Health economic burden of patients with restless legs syndrome in a German ambulatory setting.

Pharmacoeconomics 2010 ;28(5):381-93

Department of Neurology, Philipps-University Marburg, Marburg, Germany.

The primary characteristics of restless legs syndrome (RLS), including severe sleep disorders, restlessness in the evening and discomfort while at rest, have substantial impact on normal daily activities. Because of the high prevalence of RLS in the general population, it is necessary to evaluate the economic impact of RLS. To determine the health economic burden of patients with RLS in Germany.

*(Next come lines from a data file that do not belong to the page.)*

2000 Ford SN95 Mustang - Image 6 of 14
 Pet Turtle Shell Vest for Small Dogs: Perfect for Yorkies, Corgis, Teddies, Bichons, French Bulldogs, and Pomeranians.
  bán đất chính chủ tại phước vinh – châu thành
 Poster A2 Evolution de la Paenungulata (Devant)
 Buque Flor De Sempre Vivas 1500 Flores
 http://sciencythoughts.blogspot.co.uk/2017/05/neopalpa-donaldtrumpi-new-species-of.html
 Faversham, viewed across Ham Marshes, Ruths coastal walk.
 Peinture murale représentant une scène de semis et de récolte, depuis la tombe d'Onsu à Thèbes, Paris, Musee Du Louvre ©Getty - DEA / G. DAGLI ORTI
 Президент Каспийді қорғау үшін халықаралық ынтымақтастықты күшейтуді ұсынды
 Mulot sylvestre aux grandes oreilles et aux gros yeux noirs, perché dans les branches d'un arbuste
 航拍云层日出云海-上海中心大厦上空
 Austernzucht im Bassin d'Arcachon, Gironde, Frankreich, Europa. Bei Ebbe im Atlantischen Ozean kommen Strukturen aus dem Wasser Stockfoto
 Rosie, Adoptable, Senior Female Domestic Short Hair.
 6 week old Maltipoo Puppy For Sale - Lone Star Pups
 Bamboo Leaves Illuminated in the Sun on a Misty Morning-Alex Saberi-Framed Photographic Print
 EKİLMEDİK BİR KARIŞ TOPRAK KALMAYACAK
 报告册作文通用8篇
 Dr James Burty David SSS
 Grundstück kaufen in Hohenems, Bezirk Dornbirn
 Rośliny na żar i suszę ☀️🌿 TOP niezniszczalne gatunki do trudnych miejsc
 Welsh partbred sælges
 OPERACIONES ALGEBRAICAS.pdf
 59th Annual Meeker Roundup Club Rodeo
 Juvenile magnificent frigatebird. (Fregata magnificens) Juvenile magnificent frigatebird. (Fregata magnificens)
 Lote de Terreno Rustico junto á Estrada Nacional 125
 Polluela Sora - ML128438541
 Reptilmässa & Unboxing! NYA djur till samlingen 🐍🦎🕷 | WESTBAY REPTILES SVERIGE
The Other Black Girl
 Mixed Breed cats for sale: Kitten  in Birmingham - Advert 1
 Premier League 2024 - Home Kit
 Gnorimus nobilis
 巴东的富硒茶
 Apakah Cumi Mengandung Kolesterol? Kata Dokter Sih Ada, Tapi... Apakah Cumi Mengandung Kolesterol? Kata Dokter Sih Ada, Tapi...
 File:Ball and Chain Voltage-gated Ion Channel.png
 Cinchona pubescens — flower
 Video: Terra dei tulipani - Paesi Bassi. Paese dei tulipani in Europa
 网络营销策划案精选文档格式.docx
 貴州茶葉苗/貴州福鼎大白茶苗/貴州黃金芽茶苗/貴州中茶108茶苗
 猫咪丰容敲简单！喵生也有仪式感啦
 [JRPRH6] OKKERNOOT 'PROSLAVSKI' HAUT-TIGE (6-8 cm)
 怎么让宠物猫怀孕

A total of 519 RLS patients (mean age: 65.2 +/- 11.1 years) in different stages of disease were recruited in five health centres (university hospitals, district hospitals and office-based neurologists) by applying the diagnostic criteria of the International Restless Legs Syndrome Study Group. A questionnaire was administered that assessed healthcare resource consumption as well as socioeconomic, demographic, clinical and health status. In addition, the International RLS severity scale (IRLS), Epworth Sleepiness Scale (ESS), EQ-5D and Beck Depression Inventory (BDI) were addressed in the assessment. Direct and indirect costs (euro, year 2006 values) were derived from various German economic resources and calculated from the perspective of the healthcare and transfer payment providers. We calculated average total costs over the 3-month observation period. It was determined that average total costs were euro2090 for this period. The average direct medical and non-medical costs from the perspective of the health insurance provider were determined to be euro780, with euro300 attributed to drug costs and euro354 to hospitalization costs. Average total indirect costs amounted to euro1308 and were calculated based on productivity loss, using the human capital approach. As cost-driving factors we identified disease severity according to the IRLS (p < 0.01) and ESS (p < 0.04). Health-related quality of life was determined to be substantially affected by RLS; the mean EQ-5D visual analogue scale (VAS) was 55.6, considerably lower than that of the age-matched general population. RLS places a notable financial burden on society as well as on patients and their families. More detailed studies are needed to evaluate the health economic impact of this disorder.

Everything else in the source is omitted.